One of the reasons adult ADHD is greatly underrecognized is that it tends to occur in combination with flashier substance use disorders. “Addiction is very comorbid with all kinds of disorders, but especially with externalizing childhood disorders like conduct disorder and ADHD,” Dr. van den Brink said.
It was shown half-a-decade ago that normal doses of methylphenidate have no effect on ADHD symptoms or substance use in comorbid adults. Then Swedish investigators reported that treating criminal offenders with high-dose methylphenidate – roughly three times greater than standard dosing – was effective in reducing both ADHD symptoms and comorbid substance use in criminal offenders. Those findings prompted investigators at the New York State Psychiatric Institute and the University of Minnesota to examine whether prescribing extended-release mixed amphetamine salts in adults with comorbid cocaine use disorder and ADHD would achieve improvement in both conditions.

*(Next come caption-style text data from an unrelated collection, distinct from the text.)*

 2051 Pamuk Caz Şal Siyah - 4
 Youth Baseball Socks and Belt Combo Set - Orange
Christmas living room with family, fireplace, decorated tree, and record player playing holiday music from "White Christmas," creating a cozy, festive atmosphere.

Indeed, it did, Dr. van den Brink said.
One hundred twenty-six affected patients were randomized to 60 or 80 mg/day of extended-release mixed amphetamine salts or placebo for 13 weeks coupled with weekly individual cognitive-behavioral therapy for all in this double-blind, three-arm clinical trial.

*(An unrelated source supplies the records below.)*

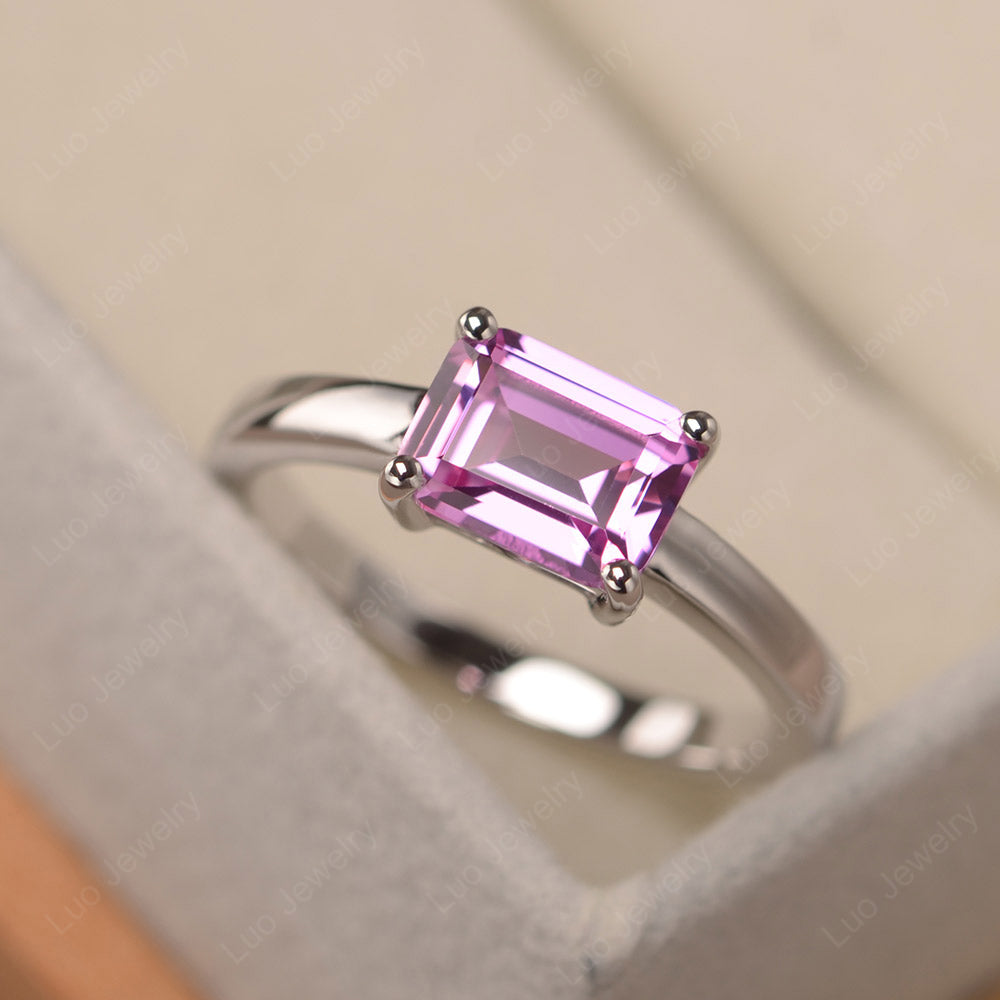Horizontal Emerald Cut Pink Sapphire Solitaire Ring - LUO Jewelry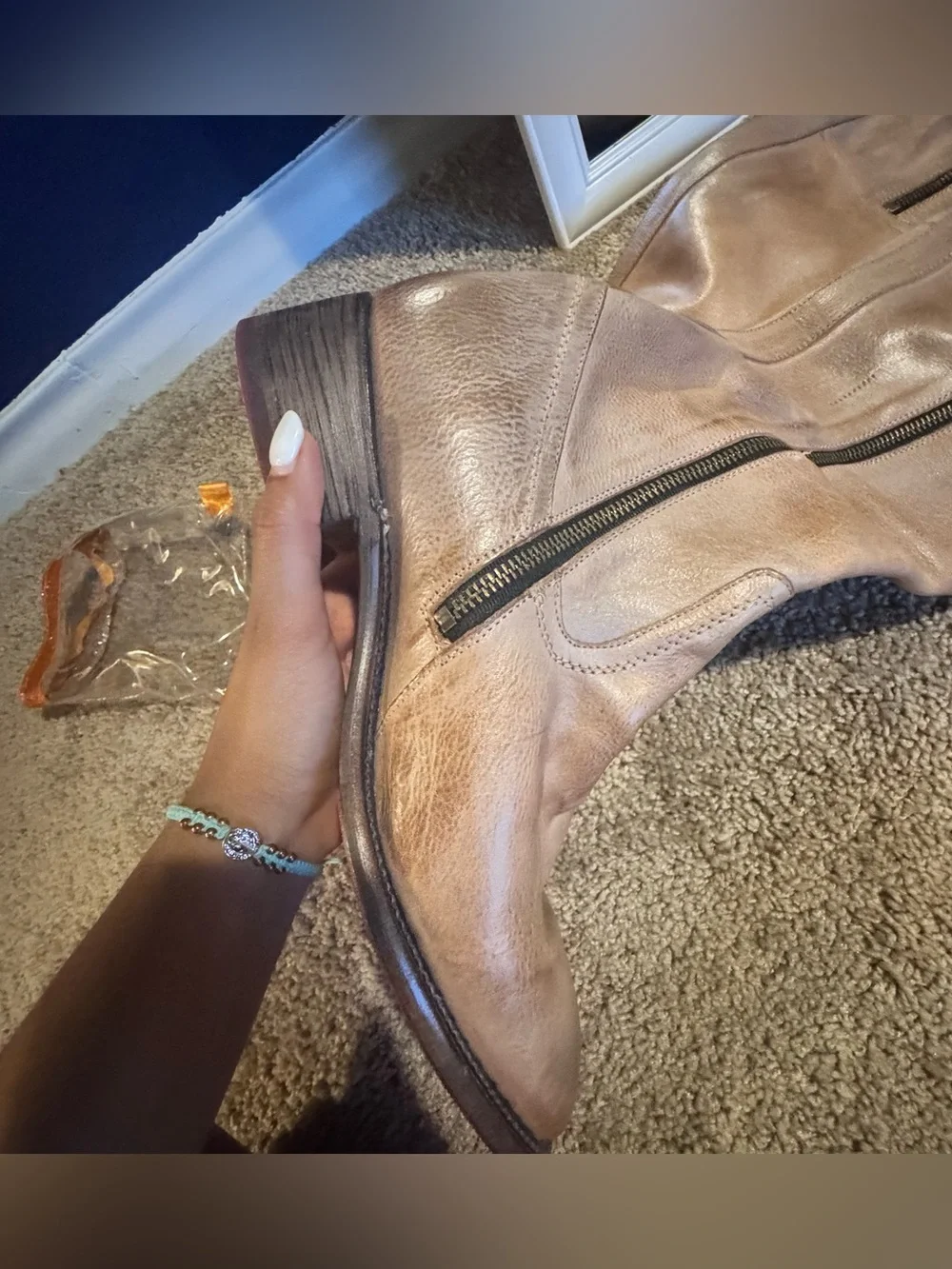 BED|STU Women's Over-the-Knee Tan Leather Buckle Boots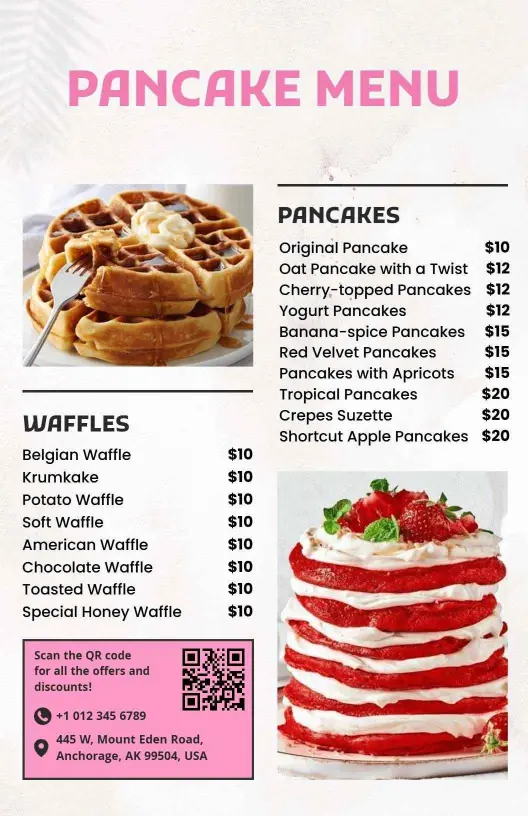 Delicious Pink Themed Pancake and Waffle Menu Template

“They showed a number-needed-to-treat of about 2.5 in order to achieve a significant reduction in cocaine use and a very nice reduction in ADHD symptoms with a number-needed-to-treat of 3,” Dr. van den Brink said.
The rate of continuous cocaine abstinence in the last 3 weeks of the trial was 30% in the 80-mg group and 17.5% with 60 mg of extended-release mixed amphetamine salts, compared with just 7% with placebo (JAMA Psychiatry. 2015 Jun;72[6]:593-602).

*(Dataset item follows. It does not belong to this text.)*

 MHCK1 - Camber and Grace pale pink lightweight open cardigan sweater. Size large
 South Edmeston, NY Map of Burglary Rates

Interpreting baclofen studies
The first high-quality multicenter, randomized, placebo-controlled, double-blind clinical trial, conducted in Germany, showed baclofen (Lioresal) at a mean dose of 180 mg/day was effective in maintaining alcohol abstinence (Eur Neuropsychopharmacol. 2015 Aug;25[8]:1167-77).
“They got wonderful results, with a number-needed-to-treat of 2.3. That is something we’re not used to seeing in the treatment of alcoholism. But there was no dose-response effect, which is a little unusual,” the psychiatrist observed.
Then a multicenter group of Dutch investigators, including Dr. van den Brink, carried out what they believed would be a confirmatory randomized, double-blind, placebo-controlled trial. However, it showed no difference between high- or low-dose baclofen and placebo in time to relapse (Eur Neuropsychopharmacol. 2016 Dec;26[12]:1950-9).
Little further light was shed by the two large French randomized, placebo-controlled clinical trials presented at the 2016 World Congress for Alcohol and Alcoholism in Berlin. One, the BACLOVILLE trial, included 320 patients treated in 60 family practice clinics; it showed strongly positive results for high-dose baclofen. In contrast, the 316-patient ALPADIR study proved negative. These conflicting results were particularly disappointing because France has been at the forefront of using high-dose baclofen to treat alcoholism, Dr. van den Brink said.
“Maybe some 100,000 people have been treated with high-dose baclofen for alcoholism in France,” he said. “What is the conclusion from all these baclofen studies? You can interpret them in many ways. Maybe there are two positive trials and two negative trials, or maybe there are two positive trials and two failed trials. The debate is not closed, even after four randomized trials.”
Dr. van den Brink reported receiving research funding from and/or serving as a consultant to more than half a dozen pharmaceutical companies.